While the SPEECH Act was enacted to protect Americans right for free expression, it has also spurred legal reform in Britain. The British Parliament is now considering a libel law reform bill, which reflects the American notions of free speech protections. Significantly, it establishes truth and honest opinion as defenses to a defamation suit. The bill will also curtail libel tourism by only allowing suits to be brought by plaintiffs connected to Britain through residence or if they can prove that the alleged defamation affected them there.
I hope the bill passes swiftly and that other European countries soon follow suit in liberalizing their defamation laws. However, Europeans’ free speech rights will remain obstructed until European hate speech and hate crimes laws are also reformed.

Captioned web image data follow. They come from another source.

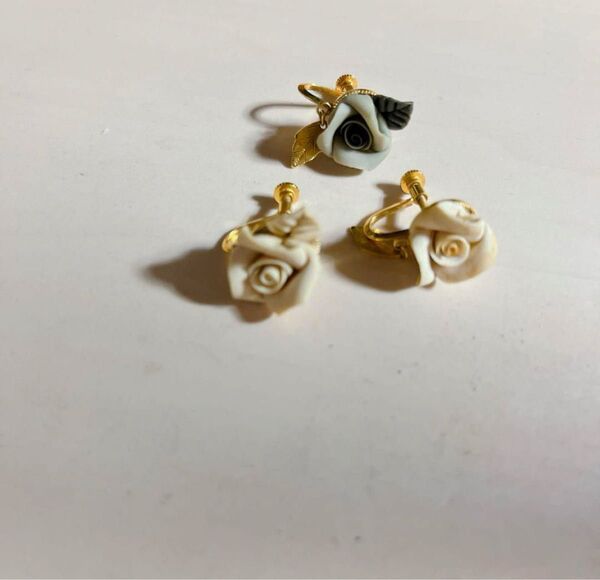花びら イヤリング 2色 マット ローズ バラ かわいい アクセサリー レトロ アクセサリー ゴールド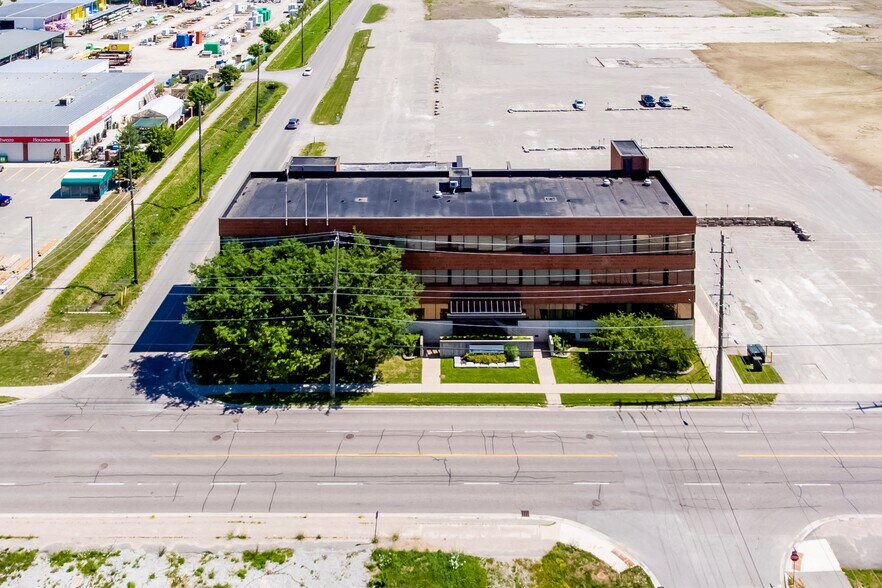 174 West St, Orillia, ON à vendre - Photo de l’immeuble – Image 2 sur 13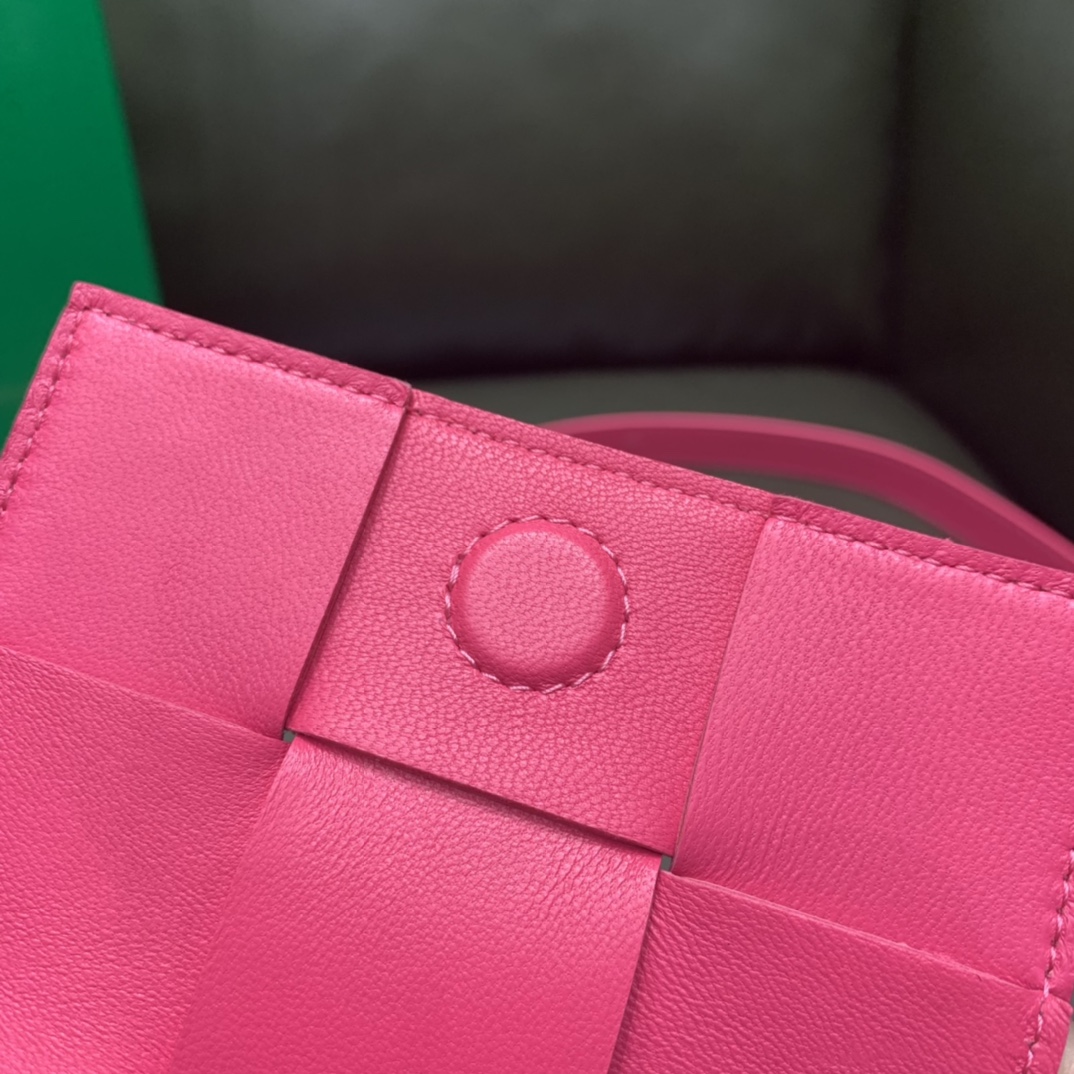 Bottega Veneta Mini Cassette 小包 666688羊皮粉红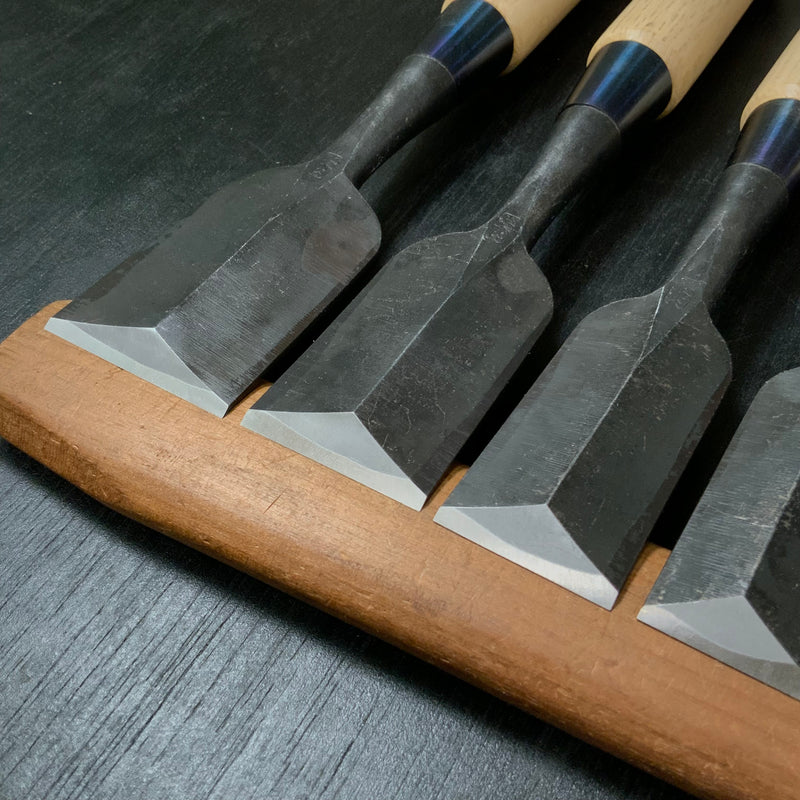 Ouchi Dovetail chisels set by Ouchi 4th generation 四代目大内俊明作 宗家大内 鎬追入組鑿 シノギ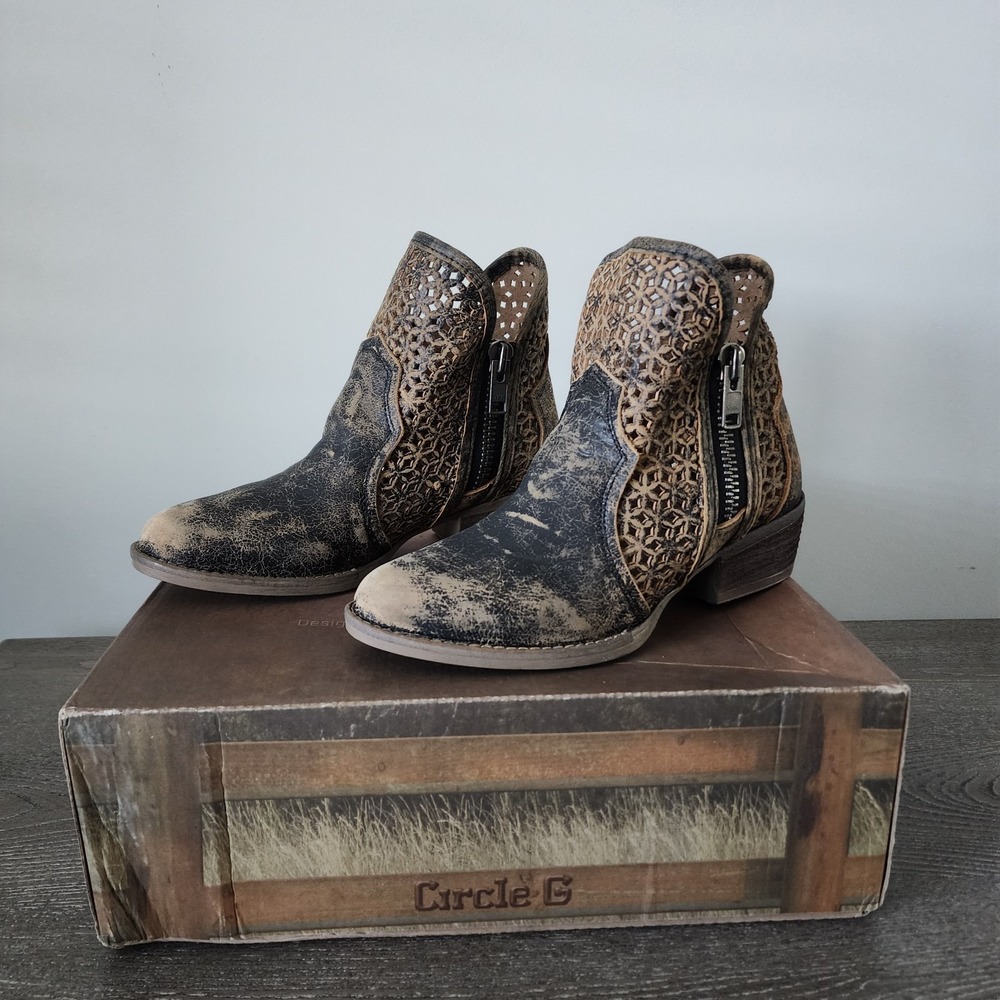 Circle G Black Distressed Cutout Shortie Boots 9.5 Ankle Western Boho Coachella
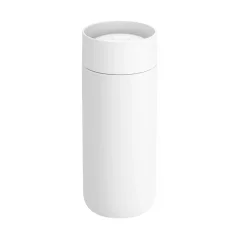 Termoska Fellow Carter Move Mug 360 Sip Lid White o pojemności 473 ml w białym kolorze z podwójną izolacją utrzymuje napoje dłużej ciepłe.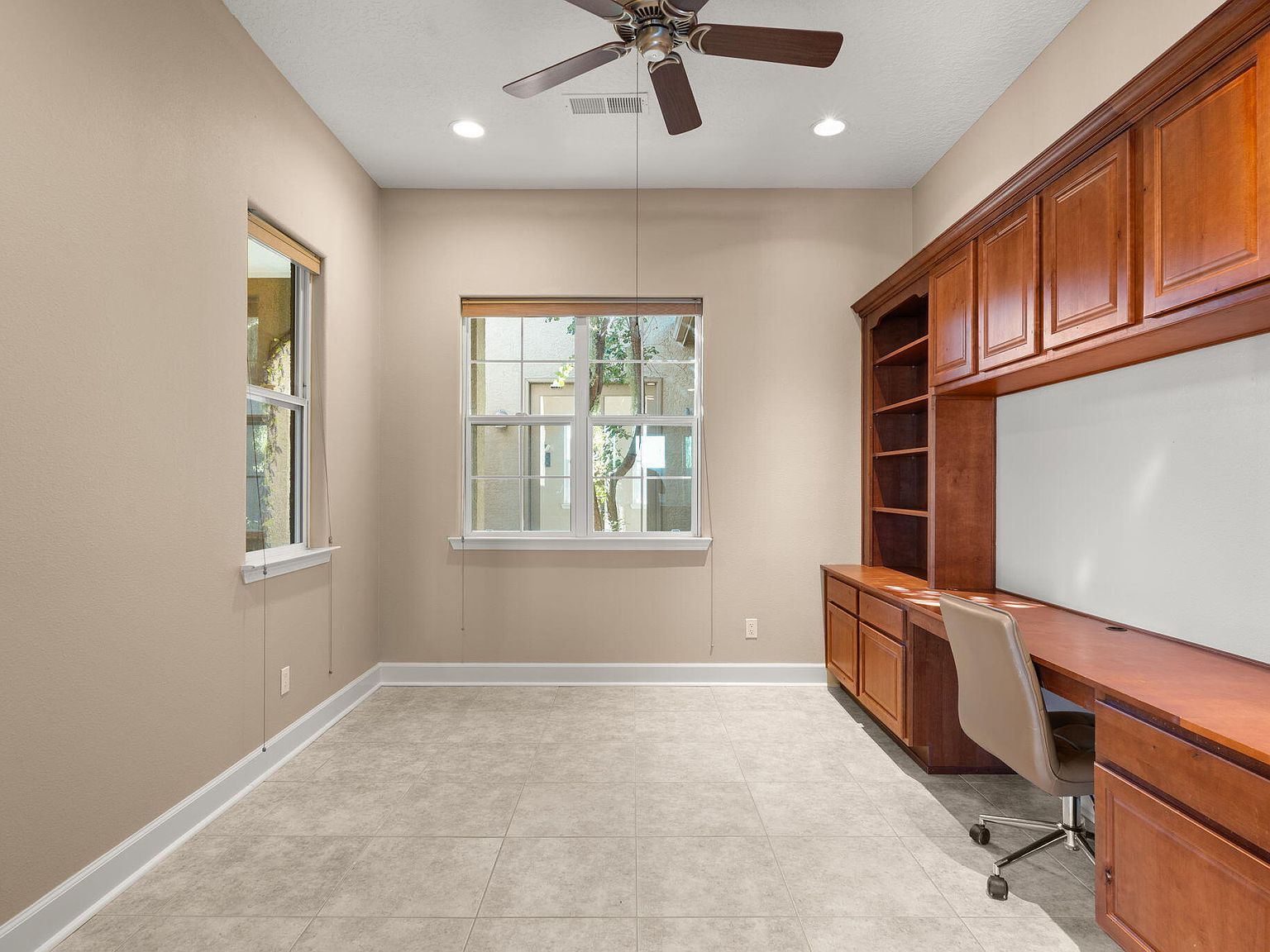 370 Zuni River Cir SW Los Lunas, NM 87031 | Single Family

I wish the Danish Free Press Society succeeds in its efforts to reform Denmark’s libel, hate speech and hate crime laws that now hinder your free expression. Some of you have stood up to oppression before and I hope that you soon prevail and regain your right to speak freely.
The preservation and advancement of free societies, our Western values and the integrity of our respective democracies depends upon our ability to freely investigate, publish, and exchange information and opinion.
My experience with libel tourism strengthened my appreciation of how fundamental and valuable is the right to free expression.
Advancing the protection of freedom of speech in the United States is one of the proudest accomplishments of my career. I am confident that over the next few years, together with the American Center for Democracy, we will be as successful in promoting effective solutions to the challenges facing the liberties, security, and economic well-being of Western democratic societies the world over.
We should remember that free speech is a right, not a privilege. Therefore we must be alert to prevent any attempt to take it away from us.